Is the RPM actually changing that much? Or is a limitation of your OBD scanner?
Meaning that the scanner's output is in increments of 25 RPM. Call it a "round off" error for lack of a better phrase.
Maybe the RPM is actually only changing by 25 RPM total...low of 688, high of 713. But when it gets down to 688, it rounds down to the next 25, 675. And when it gets up to 713, it rounds up to the next 25, 725.
25 RPM could easily be the difference in a single step in the throttle body or idle air control motor (whatever this vehicle has for controlling idle), as it's not really a 100% precise operation in the first place.
Then you've gotta throw engine loads in on top of that...alternator/battery charging, O2 sensor cycling/fluctuations (slower than a set of brand new O2 sensors but still good enough to function), A/C compressor kicking in and out, blower motors going on and off (automatic climate control stuff), etc.
Sure, the idle should probably be a bit tighter controlled than 25 RPM, but you gotta figure you've got 130K on it. Things are gonna wear, but not be necessarily worn out.


----------



## jessebruffett (Apr 16, 2015)

I'm using a bluedriver obd2 adaptor to the bluedriver app for my phone. It's accurate to the extent the ECU is. I would think that it's not a terrible thing for it to drop there, it doesn't stall or shutter. Like I said its my first completely electronically controlled car so I wasn't sure how much to worry.

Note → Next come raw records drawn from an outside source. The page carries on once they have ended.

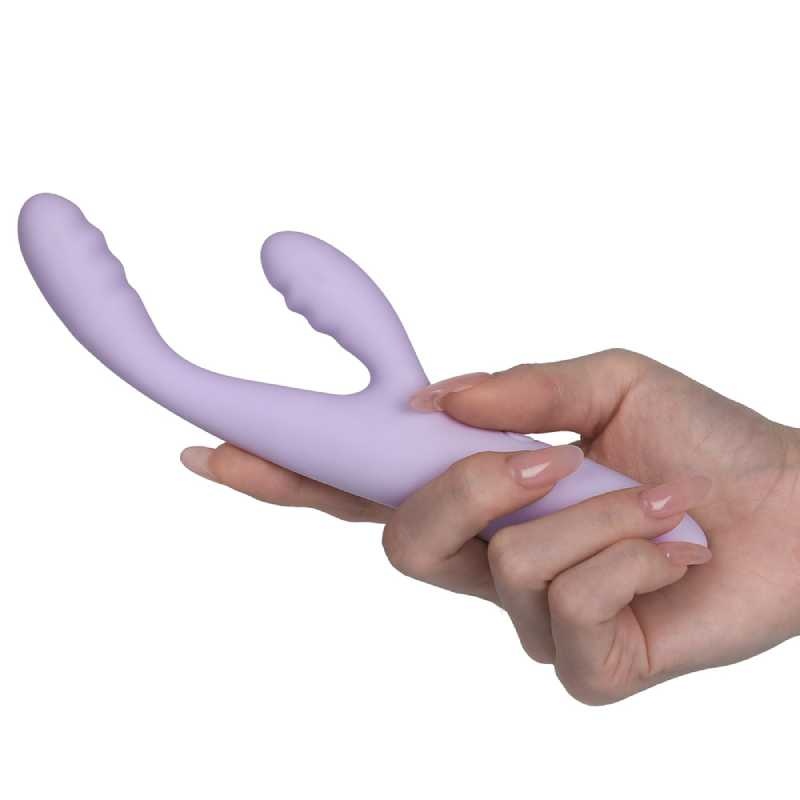 Вибратор Svakom Cici+ 2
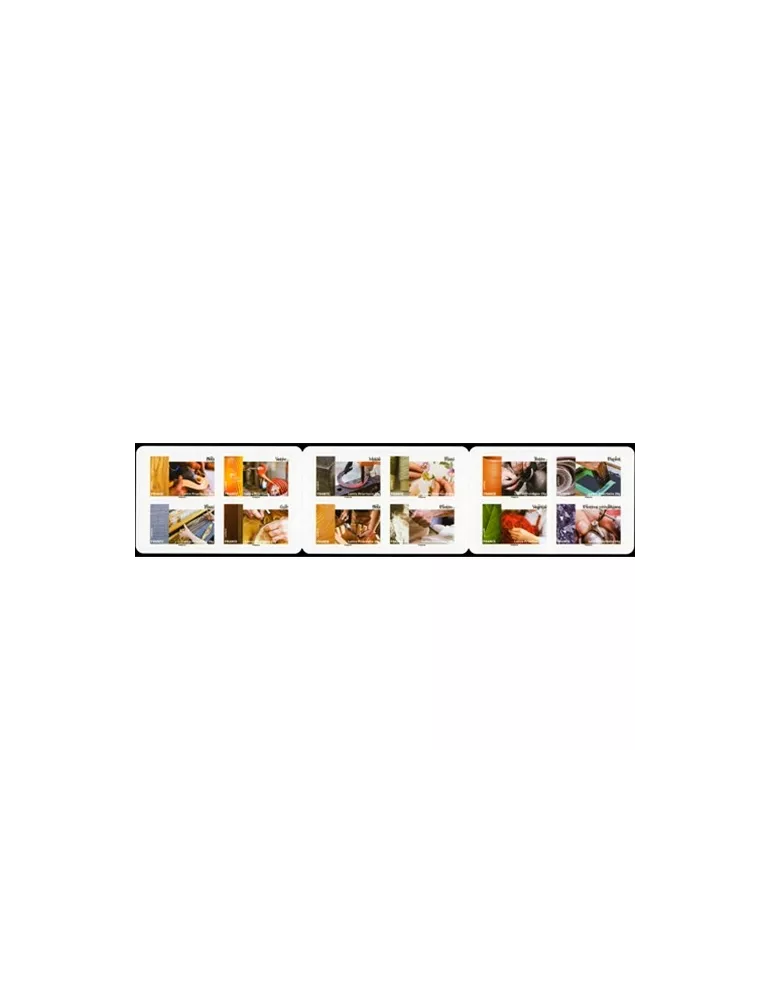 n° BC1070 - Timbre France Autoadhésifs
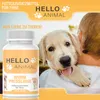 Hello Animal® Wurm Presslinge – Entwurmungskur – für Hunde, Produktbild-Vorschau 6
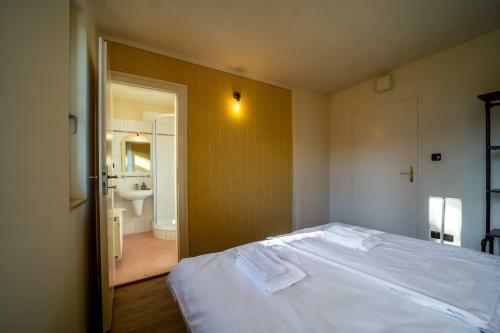 Valnovka Wellness Hotel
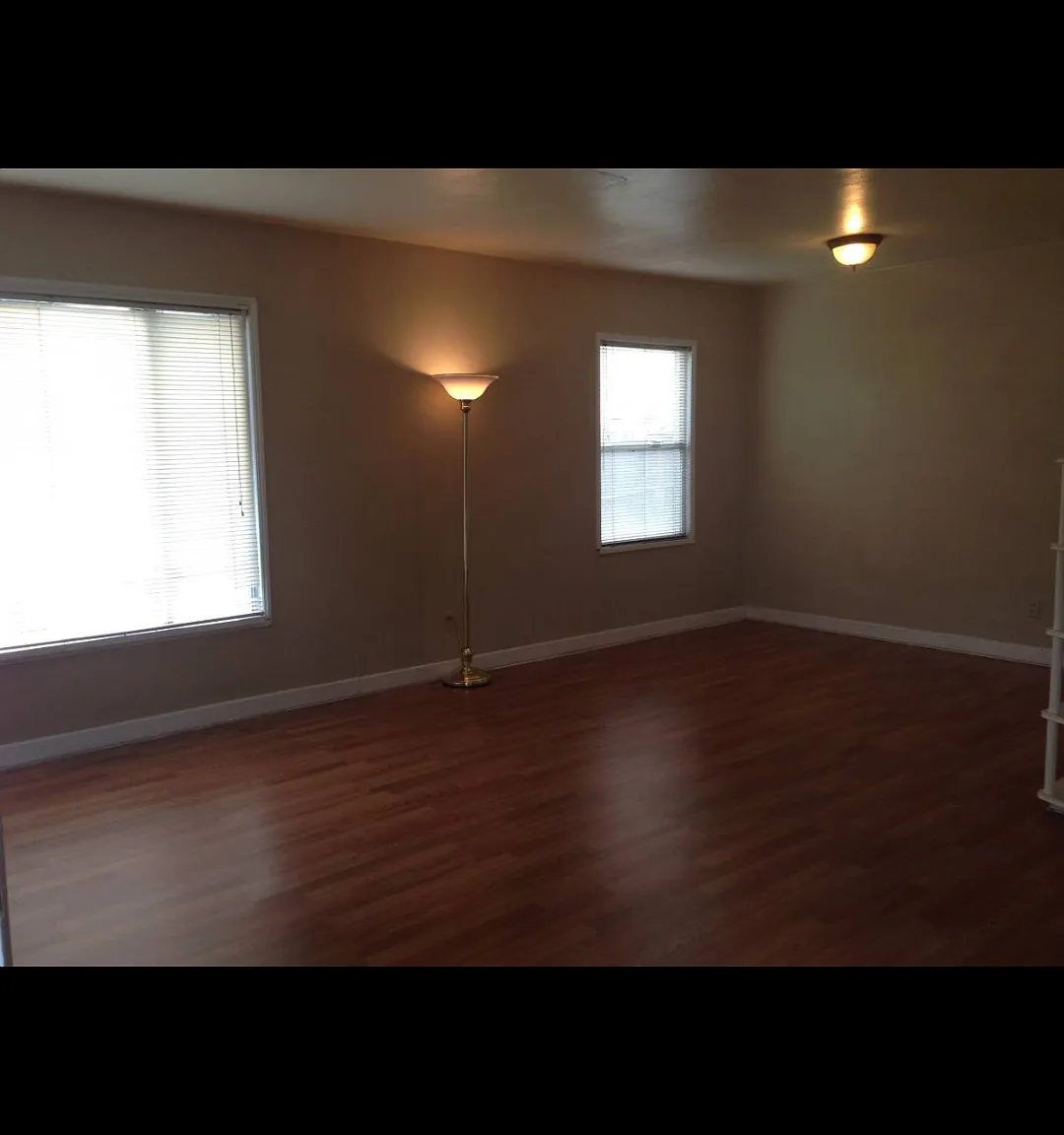 2 bed, $2,450 — Photo 1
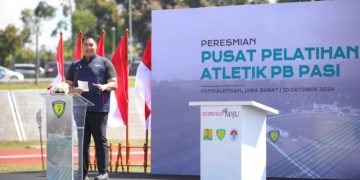 Atletik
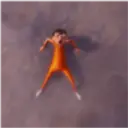 ملصق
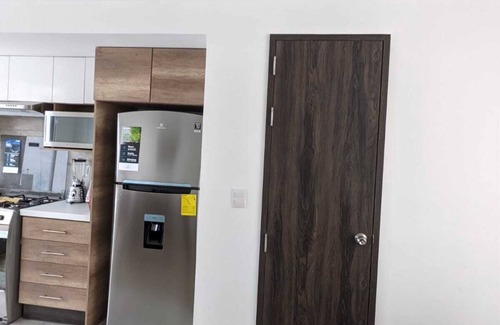 Cuenca Casa | Comfy and welcoming 3 bedroom house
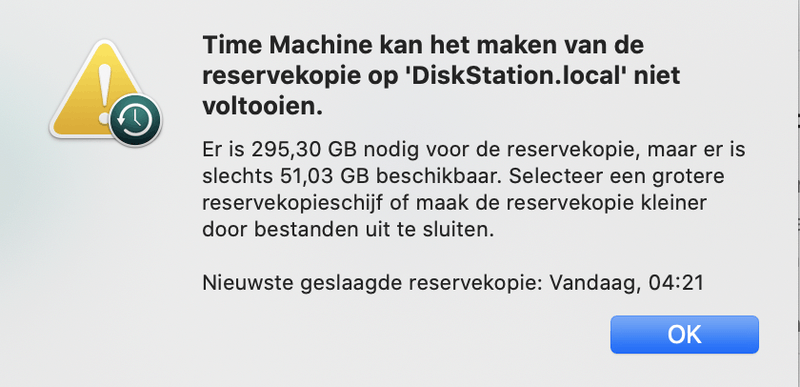 Afbeeldingslocatie: https://tweakers.net/i/ss5O6uPIFwNVsYOjx6fbqupM0HY=/800x/filters:strip_exif()/f/image/jcrbtzXgZLmaYdBxdh1WCvfX.png?f=fotoalbum_large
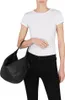 Armani Exchange Susy taška přes rameno 27 cm Náhled obrázku produktu 9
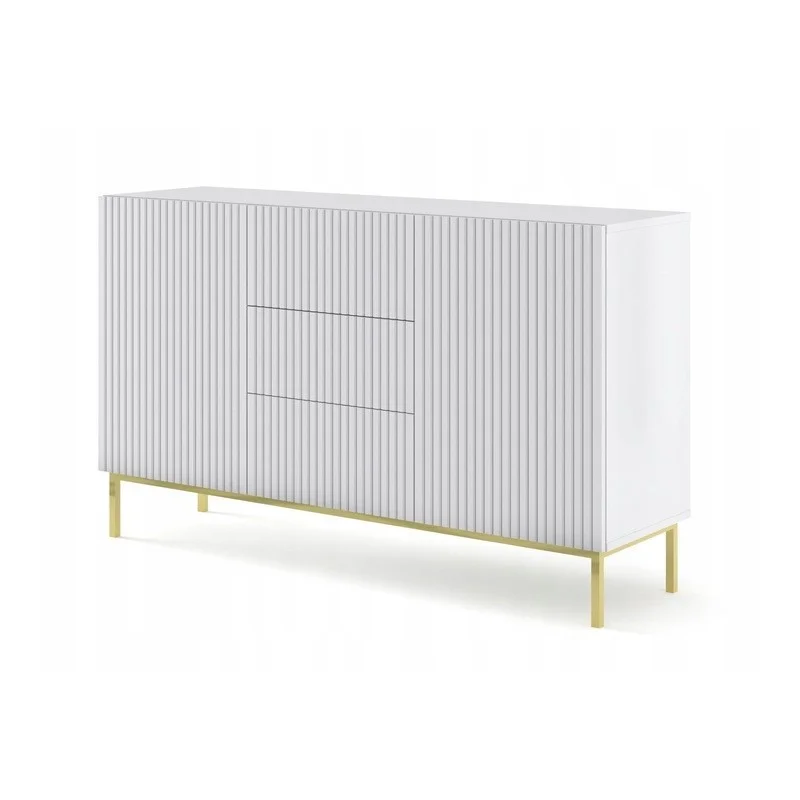bb-loisir2667151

I know all the sensors, save the crank sensor, are the original stock ones, but according to the tool they are all operating and reporting writhing standard ranges. As far as I've been able to find specs for them.


----------



## jdg (Aug 27, 2009)

Sure, all of the sensors are likely all operating at spec's or at least within tolerances, but that doesn't mean that all of those tolerances can't add up in the wrong direction... Slow, older O2 sensor responses, MAF a bit dirty, cam/crank sensor output not what it used to be, a bit of air leakage here and there, rings not sealing like they used to when it was new. It'll all add up eventually.
I say let it ride until something stupid goes on with it. (e.g. stalling, hesitation, etc.)


----------



## cj1 (Oct 21, 2014)

If you wanted to play with a bit, clean TB and reset/relearn.


----------



## jessebruffett (Apr 16, 2015)

Did that already a couple weeks ago. But thanks for the advice


----------